* [About this task]:
Write out the lines of the material below exactly, beginning at the line with "Teddy Bear Blue Balloon Bow Baby Boy Shower" and stopping after the line with "This digital background", and leave out the pictures.

* [The input]:
- Opening Delimiter -

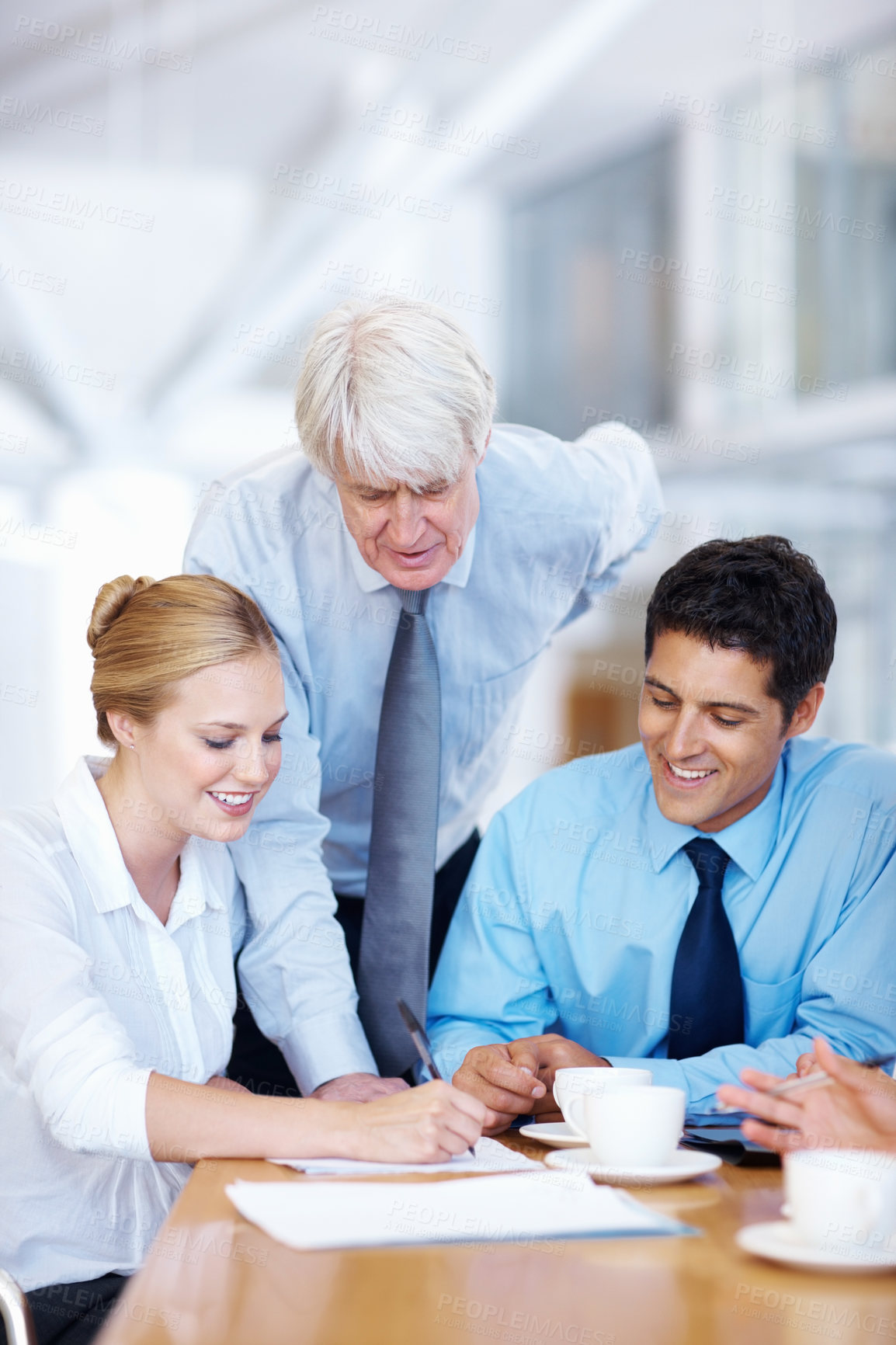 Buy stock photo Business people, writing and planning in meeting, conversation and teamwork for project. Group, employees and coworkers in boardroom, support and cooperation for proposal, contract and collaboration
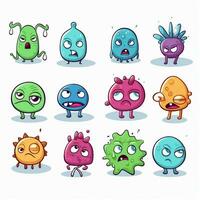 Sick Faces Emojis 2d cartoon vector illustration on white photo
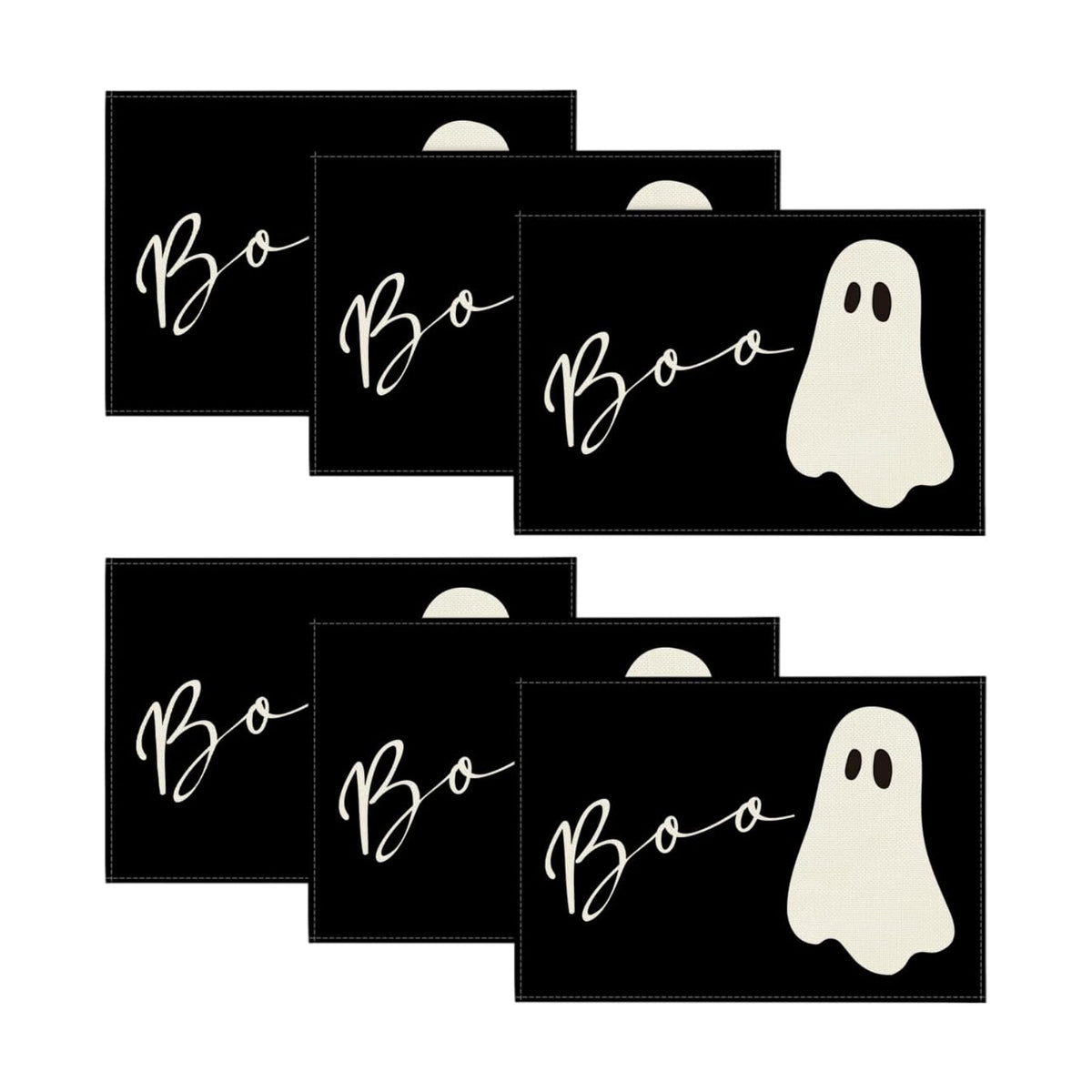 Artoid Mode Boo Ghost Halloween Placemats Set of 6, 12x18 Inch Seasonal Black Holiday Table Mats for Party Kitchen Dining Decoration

- Closing Delimiter -
- Opening Delimiter -

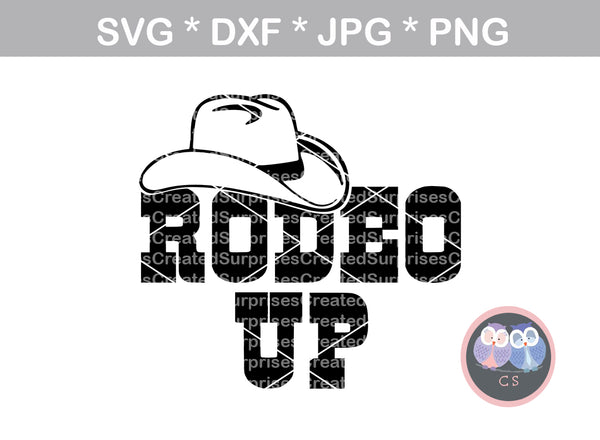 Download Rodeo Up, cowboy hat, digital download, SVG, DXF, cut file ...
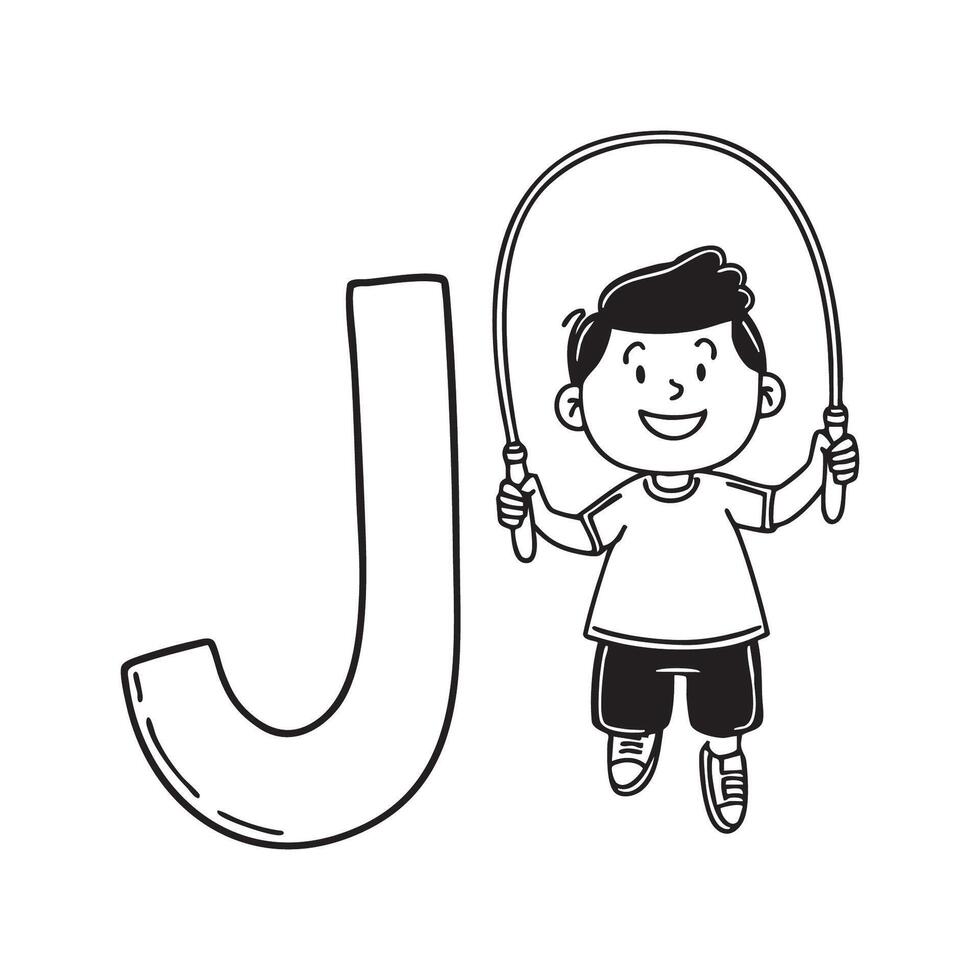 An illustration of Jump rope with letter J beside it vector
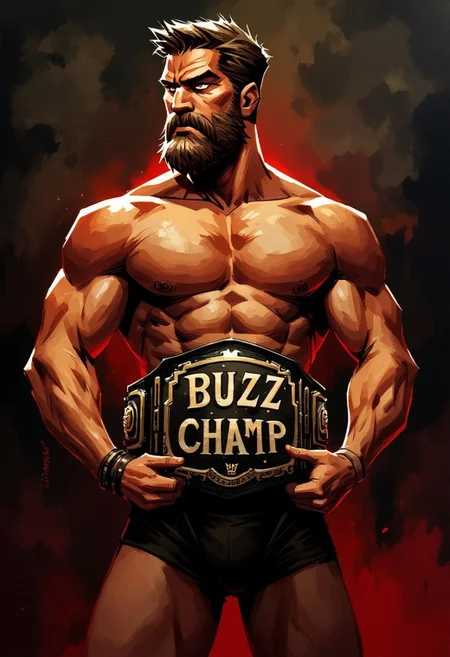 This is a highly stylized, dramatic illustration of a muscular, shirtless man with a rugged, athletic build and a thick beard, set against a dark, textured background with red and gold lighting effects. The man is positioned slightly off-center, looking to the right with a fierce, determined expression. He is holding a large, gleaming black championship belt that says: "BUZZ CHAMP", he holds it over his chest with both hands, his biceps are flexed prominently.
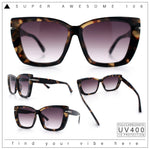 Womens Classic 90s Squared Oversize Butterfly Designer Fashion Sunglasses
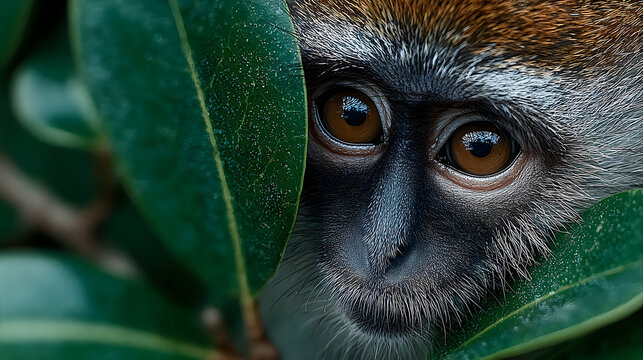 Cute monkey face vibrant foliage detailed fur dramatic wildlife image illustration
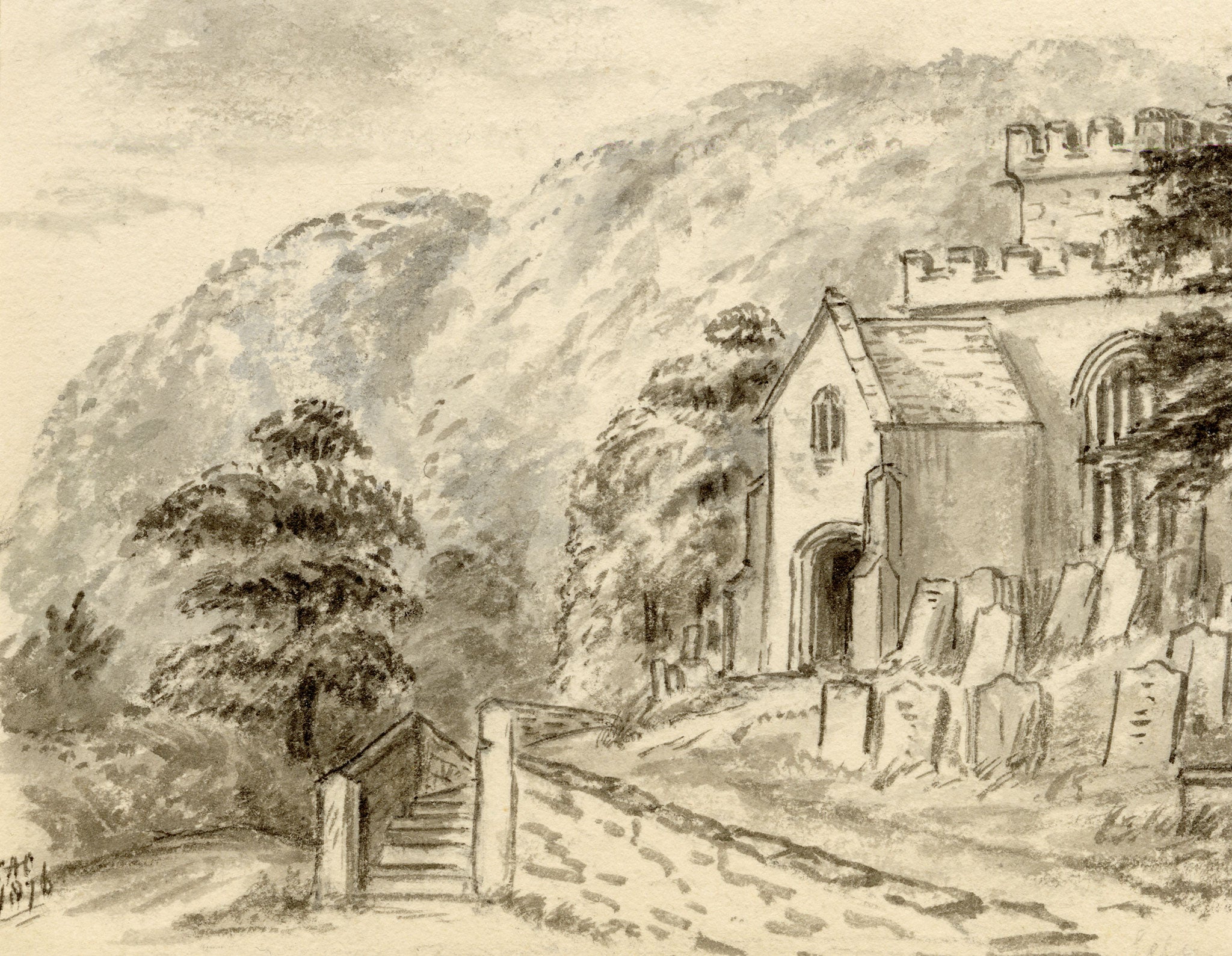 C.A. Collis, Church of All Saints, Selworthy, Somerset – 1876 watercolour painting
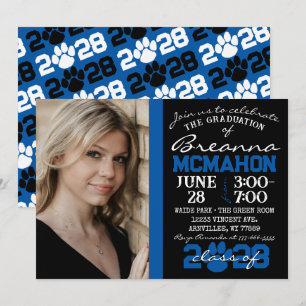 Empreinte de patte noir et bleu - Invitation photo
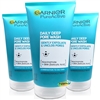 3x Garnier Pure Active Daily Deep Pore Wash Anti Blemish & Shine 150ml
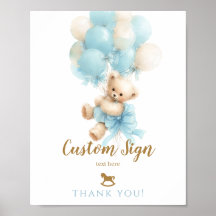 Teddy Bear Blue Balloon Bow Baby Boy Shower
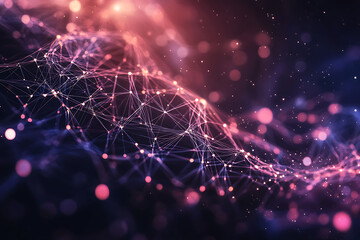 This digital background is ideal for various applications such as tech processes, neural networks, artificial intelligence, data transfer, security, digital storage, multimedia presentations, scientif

- Closing Delimiter -
- Opening Delimiter -

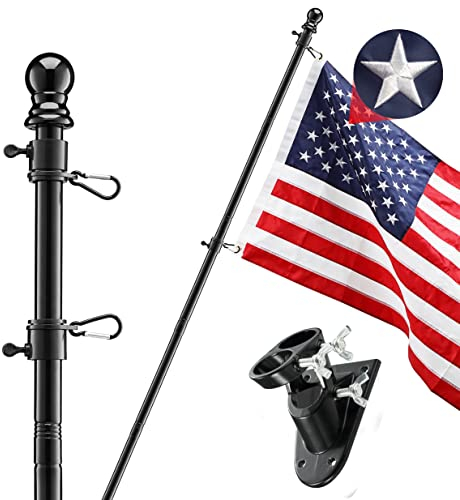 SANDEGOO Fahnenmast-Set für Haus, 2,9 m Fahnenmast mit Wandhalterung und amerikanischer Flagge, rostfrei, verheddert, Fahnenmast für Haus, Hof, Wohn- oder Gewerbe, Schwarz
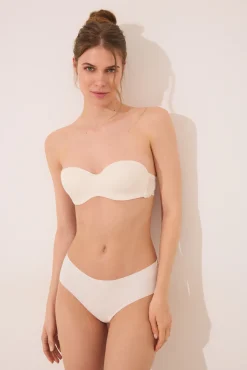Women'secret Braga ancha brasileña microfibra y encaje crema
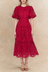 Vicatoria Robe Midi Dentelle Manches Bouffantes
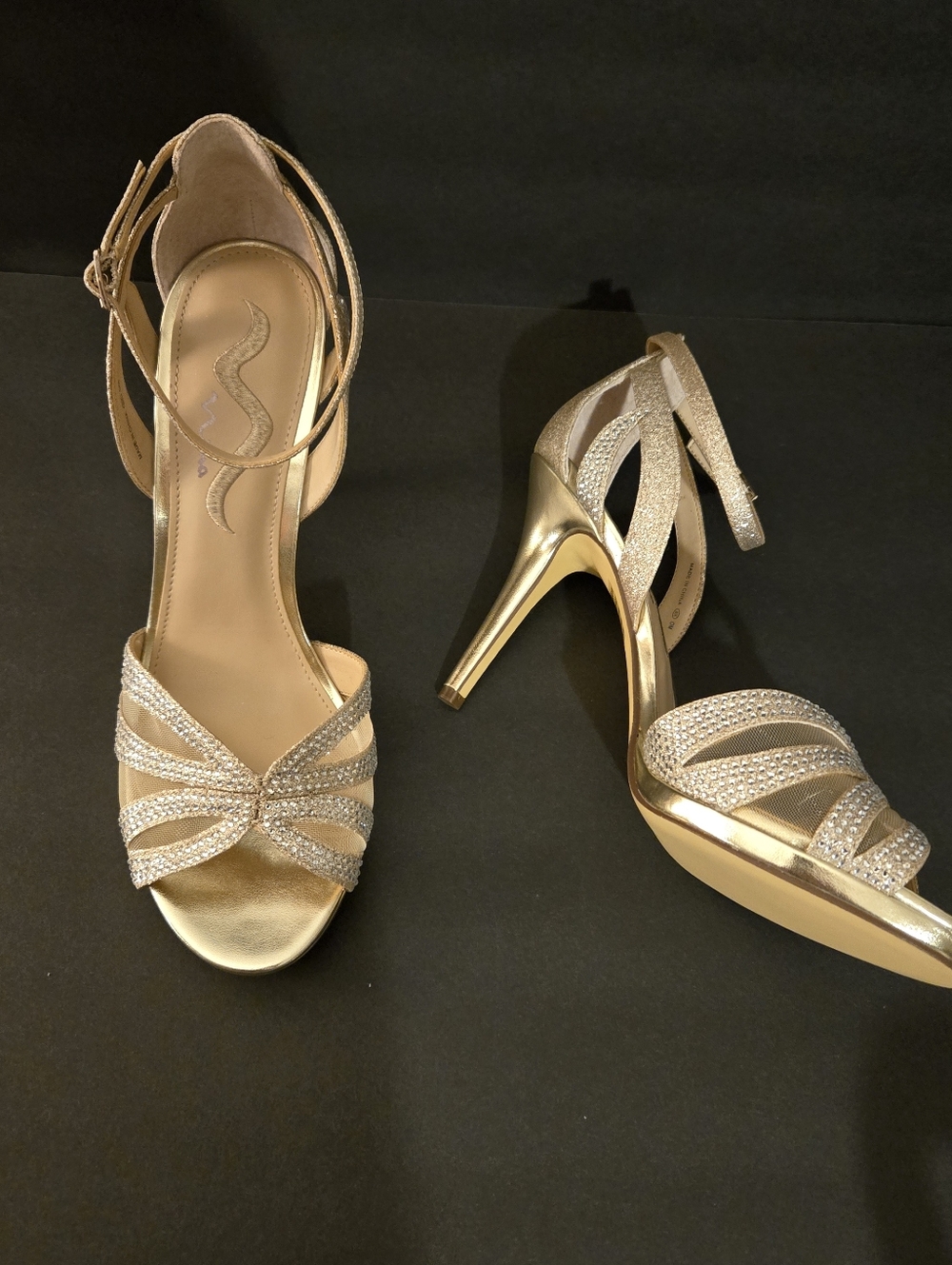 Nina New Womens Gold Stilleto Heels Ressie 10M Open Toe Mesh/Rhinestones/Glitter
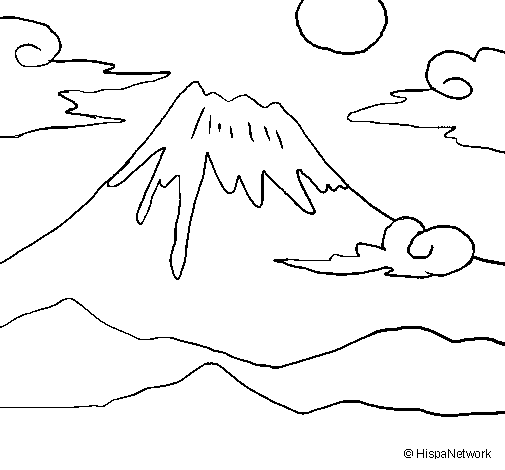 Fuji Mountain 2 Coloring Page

- Closing Delimiter -

* [Result of this exercise]:
 Teddy Bear Blue Balloon Bow Baby Boy Shower
 This digital background is ideal for various applications such as tech processes, neural networks, artificial intelligence, data transfer, security, digital storage, multimedia presentations, scientif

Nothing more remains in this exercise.